• **BRIEF**: Repeat only the lines from the one holding "15 Greatest Female Boxers of All Time" down to the last line of the listing below, including both of those lines.

• **DATA FOR PROCESSING**:

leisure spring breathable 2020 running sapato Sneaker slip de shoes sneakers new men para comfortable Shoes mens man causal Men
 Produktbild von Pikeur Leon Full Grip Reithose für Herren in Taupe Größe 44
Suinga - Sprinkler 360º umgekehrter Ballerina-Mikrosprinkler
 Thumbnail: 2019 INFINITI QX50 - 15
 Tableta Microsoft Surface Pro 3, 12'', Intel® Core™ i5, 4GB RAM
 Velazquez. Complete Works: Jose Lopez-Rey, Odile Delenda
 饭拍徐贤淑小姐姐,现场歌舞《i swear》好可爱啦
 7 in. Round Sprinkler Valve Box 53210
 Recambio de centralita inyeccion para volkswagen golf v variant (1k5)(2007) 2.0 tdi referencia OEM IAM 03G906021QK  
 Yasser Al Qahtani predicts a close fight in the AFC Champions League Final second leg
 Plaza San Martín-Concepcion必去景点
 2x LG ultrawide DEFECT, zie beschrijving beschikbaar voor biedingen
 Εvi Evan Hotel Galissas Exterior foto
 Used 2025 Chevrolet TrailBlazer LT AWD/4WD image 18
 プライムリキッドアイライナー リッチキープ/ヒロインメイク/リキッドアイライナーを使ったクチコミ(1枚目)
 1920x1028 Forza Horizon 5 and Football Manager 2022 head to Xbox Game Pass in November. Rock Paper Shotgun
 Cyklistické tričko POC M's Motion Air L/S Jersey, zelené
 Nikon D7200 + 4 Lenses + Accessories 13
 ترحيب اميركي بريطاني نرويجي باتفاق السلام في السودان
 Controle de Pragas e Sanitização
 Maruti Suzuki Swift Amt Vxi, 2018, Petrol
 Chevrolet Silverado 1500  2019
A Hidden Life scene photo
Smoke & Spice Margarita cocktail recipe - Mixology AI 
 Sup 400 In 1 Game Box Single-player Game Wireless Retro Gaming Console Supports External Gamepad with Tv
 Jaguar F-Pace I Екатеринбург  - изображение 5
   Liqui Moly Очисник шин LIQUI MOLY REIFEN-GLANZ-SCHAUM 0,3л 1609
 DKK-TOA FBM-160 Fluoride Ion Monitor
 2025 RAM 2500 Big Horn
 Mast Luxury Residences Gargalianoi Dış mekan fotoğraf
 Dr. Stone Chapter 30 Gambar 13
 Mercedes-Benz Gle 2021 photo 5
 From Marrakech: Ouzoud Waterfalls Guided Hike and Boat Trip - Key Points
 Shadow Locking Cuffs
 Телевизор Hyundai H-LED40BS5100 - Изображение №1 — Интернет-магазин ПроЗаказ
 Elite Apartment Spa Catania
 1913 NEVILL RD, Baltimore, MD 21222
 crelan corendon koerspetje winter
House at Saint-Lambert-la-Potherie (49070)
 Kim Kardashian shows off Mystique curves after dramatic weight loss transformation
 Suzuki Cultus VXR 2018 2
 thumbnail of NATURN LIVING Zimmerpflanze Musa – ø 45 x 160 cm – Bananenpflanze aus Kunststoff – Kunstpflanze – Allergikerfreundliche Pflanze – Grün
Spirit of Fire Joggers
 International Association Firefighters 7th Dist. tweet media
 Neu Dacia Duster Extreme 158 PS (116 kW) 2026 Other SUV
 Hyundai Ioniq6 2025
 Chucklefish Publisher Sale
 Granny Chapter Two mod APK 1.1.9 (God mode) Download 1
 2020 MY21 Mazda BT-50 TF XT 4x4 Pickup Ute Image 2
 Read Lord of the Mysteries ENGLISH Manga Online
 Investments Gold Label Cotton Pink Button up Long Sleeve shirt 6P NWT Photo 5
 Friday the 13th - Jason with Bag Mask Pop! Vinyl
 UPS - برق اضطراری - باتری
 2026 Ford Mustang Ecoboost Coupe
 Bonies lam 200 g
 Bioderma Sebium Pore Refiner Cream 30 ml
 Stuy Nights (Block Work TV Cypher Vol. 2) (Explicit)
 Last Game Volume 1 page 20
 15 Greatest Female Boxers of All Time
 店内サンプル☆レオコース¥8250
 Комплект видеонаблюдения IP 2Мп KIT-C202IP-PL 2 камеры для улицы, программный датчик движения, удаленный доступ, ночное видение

• **ANSWER TO THE EXERCISE**:
 15 Greatest Female Boxers of All Time
 店内サンプル☆レオコース¥8250
 Комплект видеонаблюдения IP 2Мп KIT-C202IP-PL 2 камеры для улицы, программный датчик движения, удаленный доступ, ночное видение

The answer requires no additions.